This article is about the financier. For the lawyer and politician, see Robert Charles Winthrop.
Robert Winthrop
Born (1833-04-18)April 18, 1833[1]
Died November 18, 1892(1892-11-18) (aged 59)[2]
38 East 37th Street
New York, NY
Resting place Green-Wood Cemetery
Brooklyn, NY
Nationality United States
Occupation Banker
Spouse(s) Katherine "Kate" Wilson Taylor
Children 6

Robert Winthrop (April 18, 1833 – November 18, 1892) was a wealthy banker and capitalist in New York City.


He was the son of Thomas Charles Winthrop (1797–1873) and Georgianna (Kane) Winthrop and the brother of Civil War General Frederic Winthrop. He was a direct descendant of colonial governors John Winthrop, John Winthrop, Jr., and Fitz-John Winthrop.
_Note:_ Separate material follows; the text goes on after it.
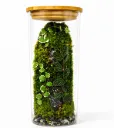 Mystic Moss Terrarium تراريوم الطحالب الغامض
Robert Winthrop was married to Kate Wilson Taylor (1839–1925) on June 23, 1859. She was the daughter of Moses Taylor who was one of the greatest railroad, iron, and coal company financiers and was president of National City Bank for 27 years.

They had six children who lived to adulthood: Robert Dudley Winthrop (1861–1912), Grenville Lindall Winthrop (1864–1943), Katharine Taylor Winthrop (1866–1943), Frederic Bayard Winthrop (1868–1932), Albertina Taylor Winthrop (1871–1934),[3] and Beekman Winthrop (1874–1940). Katharine married United States Senator Hamilton Fish Kean (1862–1941) and Albertina married Dutch Diplomat Jan Herman van Roijen (1870–1933).


Robert Winthrop commenced his business career in the cotton and sugar business with J.&A. Dennistoun Wood. In 1859, he turned to banking with the firm of Read, Drexel. He was admitted to the New York Stock Exchange in 1862. In 1863, he became a one-third owner in the firm of Drexel, Winthrop & Company.

Drexel, Winthrop was a very successful firm during the 1860s. During most of this time, this New York branch, combined with the Drexel’s Philadelphia branch, was profiting between $300,000 and $350,000 per year. The Drexel brothers had a desire to do more European investing, as Winthrop did not agree, Drexel, Winthrop was dissolved in 1871 and Robert Winthrop & Company was established.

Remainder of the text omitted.